WHAT TO DO:
Drop every picture, then print the rest of the listing exactly as given.

DATASET EXCERPT Block Start

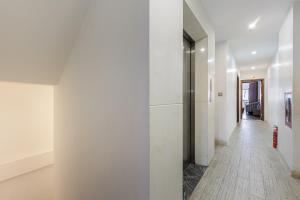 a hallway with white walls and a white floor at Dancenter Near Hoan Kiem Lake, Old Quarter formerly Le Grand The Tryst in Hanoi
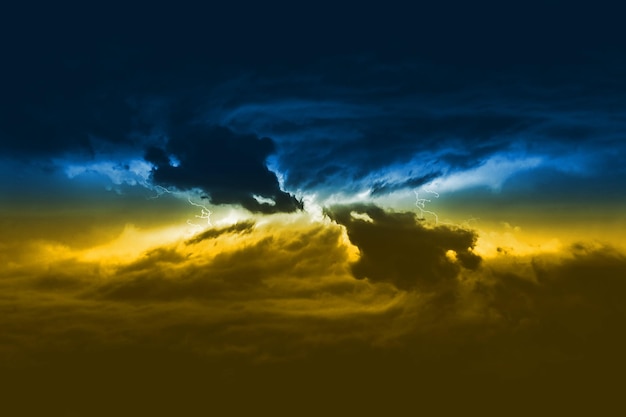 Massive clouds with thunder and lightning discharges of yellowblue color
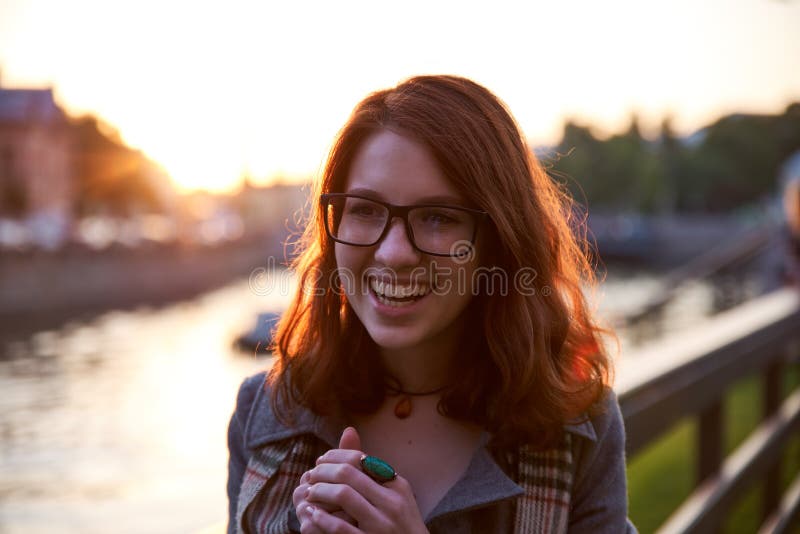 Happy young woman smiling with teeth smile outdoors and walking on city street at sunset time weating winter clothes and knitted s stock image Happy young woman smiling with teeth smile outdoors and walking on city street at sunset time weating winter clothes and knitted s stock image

DATASET EXCERPT Block End

ANSWER BOX:
 a hallway with white walls and a white floor at Dancenter Near Hoan Kiem Lake, Old Quarter formerly Le Grand The Tryst in Hanoi
 Massive clouds with thunder and lightning discharges of yellowblue color
 Happy young woman smiling with teeth smile outdoors and walking on city street at sunset time weating winter clothes and knitted s stock image Happy young woman smiling with teeth smile outdoors and walking on city street at sunset time weating winter clothes and knitted s stock image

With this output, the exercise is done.